## [DATASET SECTION]
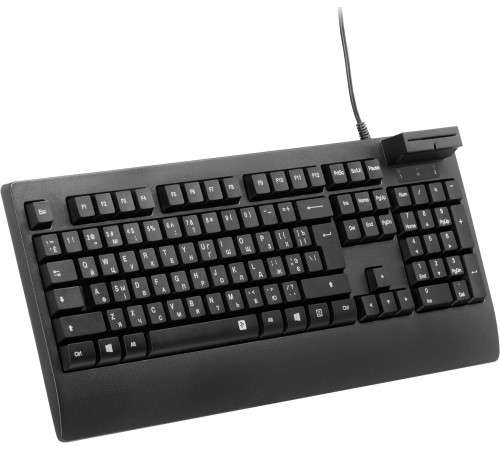 Клавиатура 2E KС 1030 Smart Card USB Black (2E-KC1030UB)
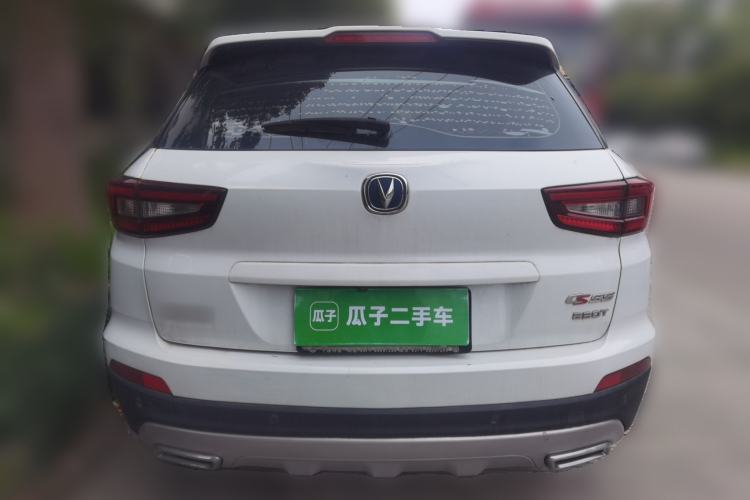 Used CHANGAN CS55 2019 1.5T Automatic Colorful Edition China VI Standard Rear
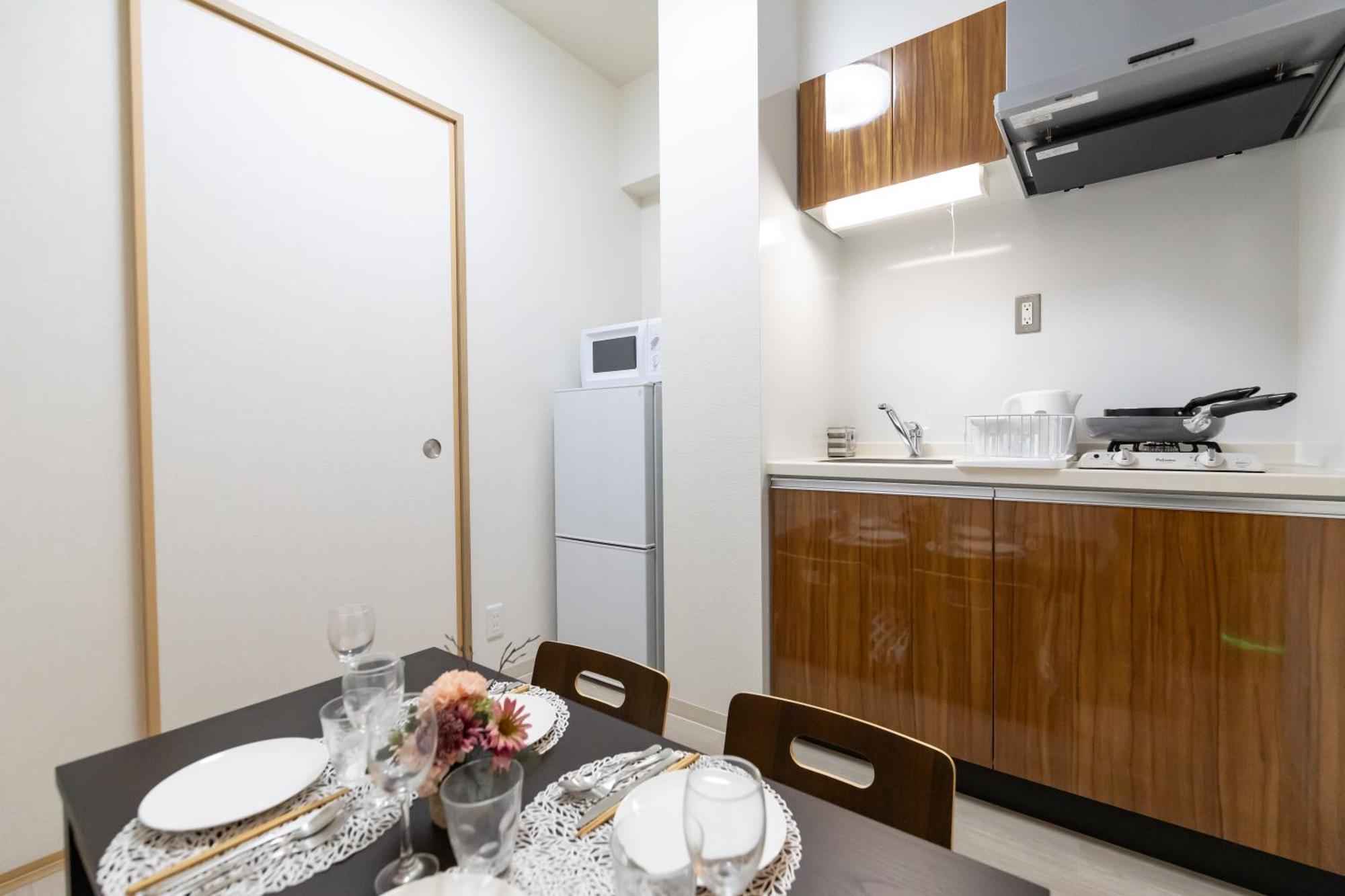 H2H Shinsaibashi Apartment Osaka Ngoại thất bức ảnh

## [ASSIGNMENT]
Every line of the data above should be quoted exactly. Omit the pictures.

## [THE COMPLETED TASK]
 Клавиатура 2E KС 1030 Smart Card USB Black (2E-KC1030UB)
 Used CHANGAN CS55 2019 1.5T Automatic Colorful Edition China VI Standard Rear
 H2H Shinsaibashi Apartment Osaka Ngoại thất bức ảnh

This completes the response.